A third-party plugin for WordPress CMS – RevSlider – made vulnerable up to 100K WordPress-based sites, with more than 10K blocked by Google for re-distributing malware they fell victims prior to that. The SoakSoak campaign is targeting WordPress users running Internet Explorer on Windows and that it’s pushing multiple exploit kits to the browser.
That’s bad news for the WordPress users, although this particularly popular content management system has a history of being targeted by malicious campaigns. Last year such sites were infected by an aggressive spambot and hit with bruteforce attacks on admin consoles, in an apparent attempt to beat the credentials out of them.
WordPress is free to use, and highly customizable due to a plethora of third-party plugins available. This makes this CMS very popular for both personal and business needs.
Not all of those plugins are safe, however. This time attackers hit a slideshow plugin “Slider Revolution” aka RevSlider. It is “passively popular” as it comes bundled with many WordPress themes. Lots of users don’t even know they have this plugin, which explains why so many sites are still unpatched.
The vulnerability that could allow an attacker to download any file, including database credentials, from the affected site’s server was discovered back in September in version 4.1.4. The problem is fixed in version 4.2, but users who had the slider installed as part of a bundled theme never received it, since the plugin’s automatic update mechanism is usually disabled when it comes as part of a theme. This is due to the relative instability of the plugin.
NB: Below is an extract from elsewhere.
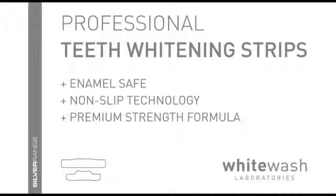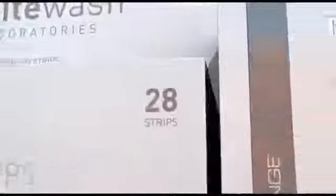Welcome to WhiteWash Professional Whitening Strips, the complete teeth whitening solution. Utilizing the latest teeth whitening technology, WhiteWash Professional Whitening Strips are moldable plastic strips that contain the optimum amount of whitening gel to simply, safely and effectively whiten your teeth.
It is strongly recommended that the IT workers check out their WordPress installations for the presence of RevSlide plugin with versions older than 4.1.4, and update it, if necessary.
Blocking may be very problematic for the companies those heavily rely on their websites for doing business. Compromising and blocking may occur “out of the blue” while getting the site back in the ranking takes a long time, even if repairs are made promptly.
The site the campaign was pulling malware from – a Russian domain – is currently offline, which is a good news.